[Materials provided — start]
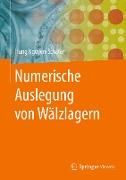 Numerische Auslegung von Wälzlagern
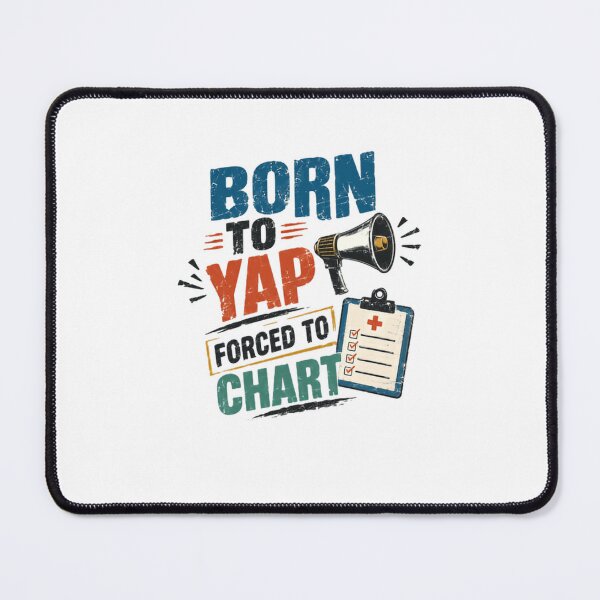 Item preview, Born To Yap Forced To Chart Nurse Healthcare Worker Humor designed and sold by HumansStuck12.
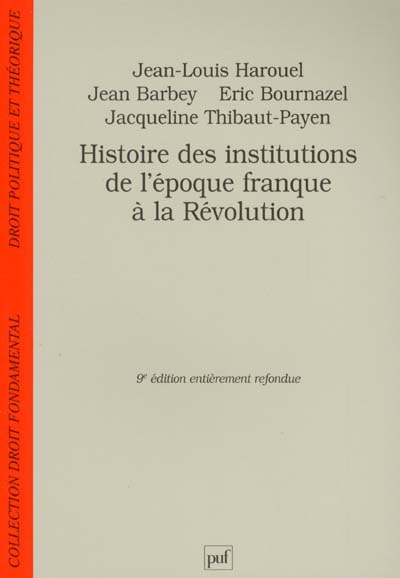 Histoire des institutions, de l'époque franque à la Révolution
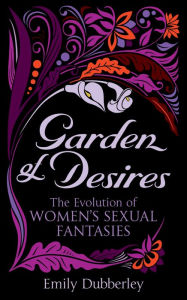 Title: Garden of Desires: The Evolution of Women's Sexual Fantasies, Author: Emily Dubberley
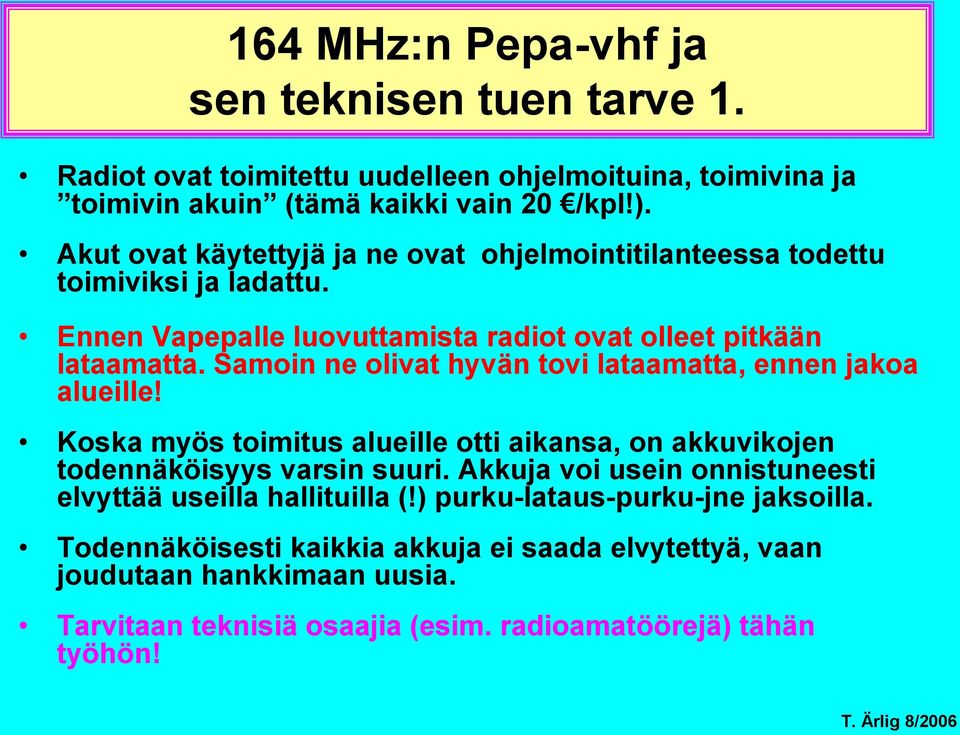 Samoin ne olivat hyvän tovi lataamatta, ennen jakoa alueille! Koska myös toimitus alueille otti aikansa, on akkuvikojen todennäköisyys varsin suuri.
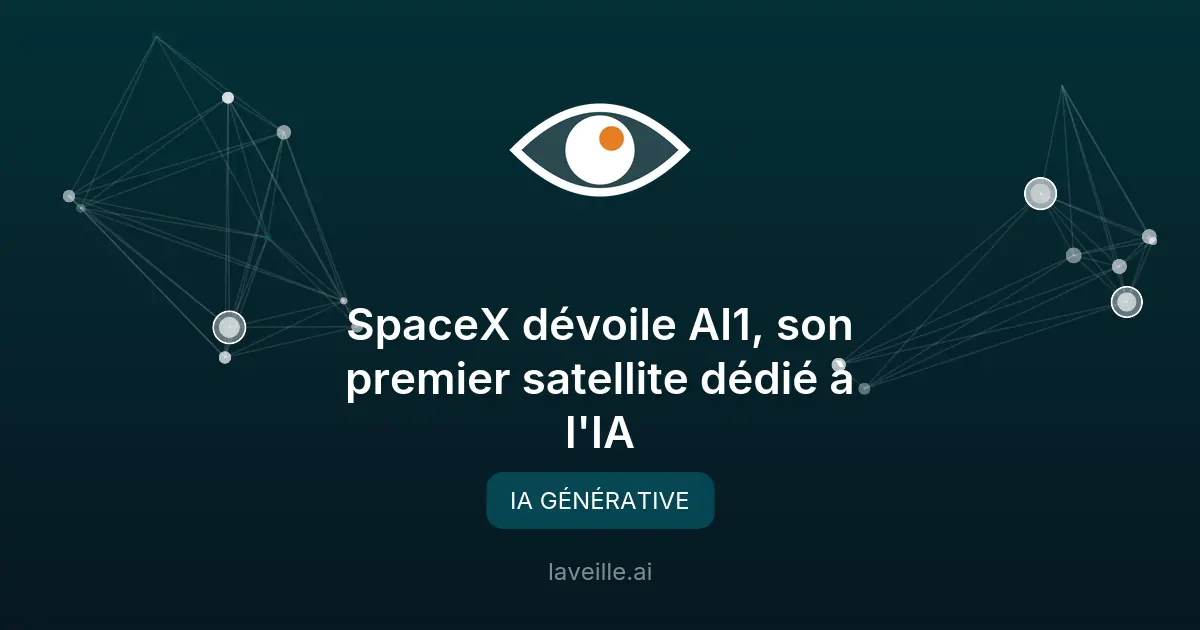 SpaceX dévoile AI1, son premier satellite dédié à l'IA
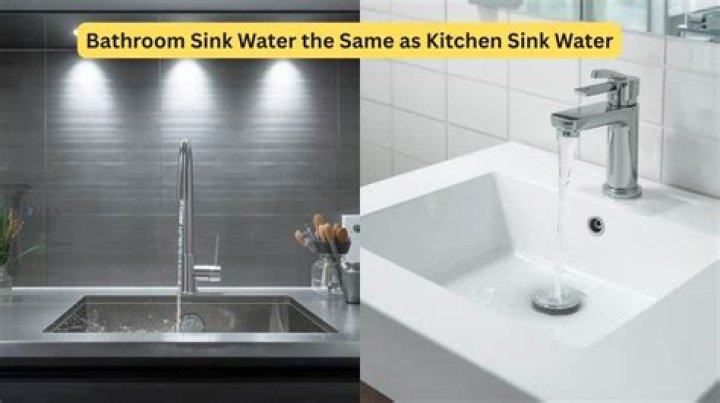 Is water from bathroom sink same as kitchen?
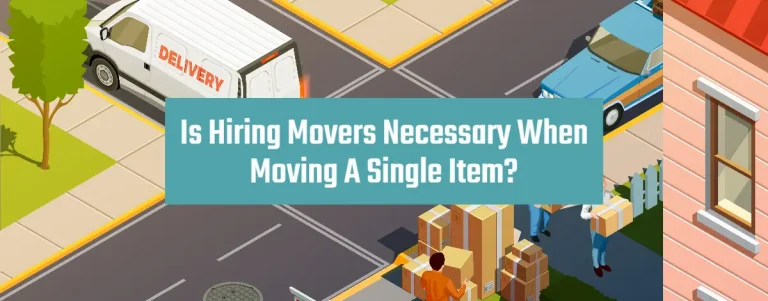 Is Hiring Movers Necessary When Moving A Single Item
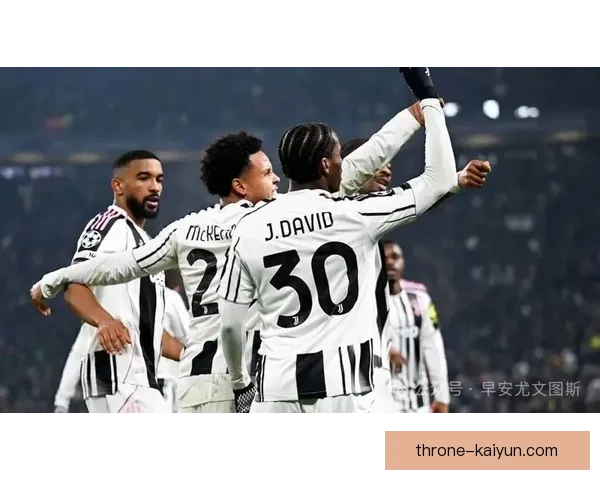 布雷默在尤文图斯表现稳健，持续提升球队防线竞争力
[Materials provided — finish]
> _Exercise directions_:
A faithful copy is needed of the lines from the one containing "Is Hiring Movers" through the last line of the data above, with pictures left out.

> _Written solution_:
 Is Hiring Movers Necessary When Moving A Single Item
 布雷默在尤文图斯表现稳健，持续提升球队防线竞争力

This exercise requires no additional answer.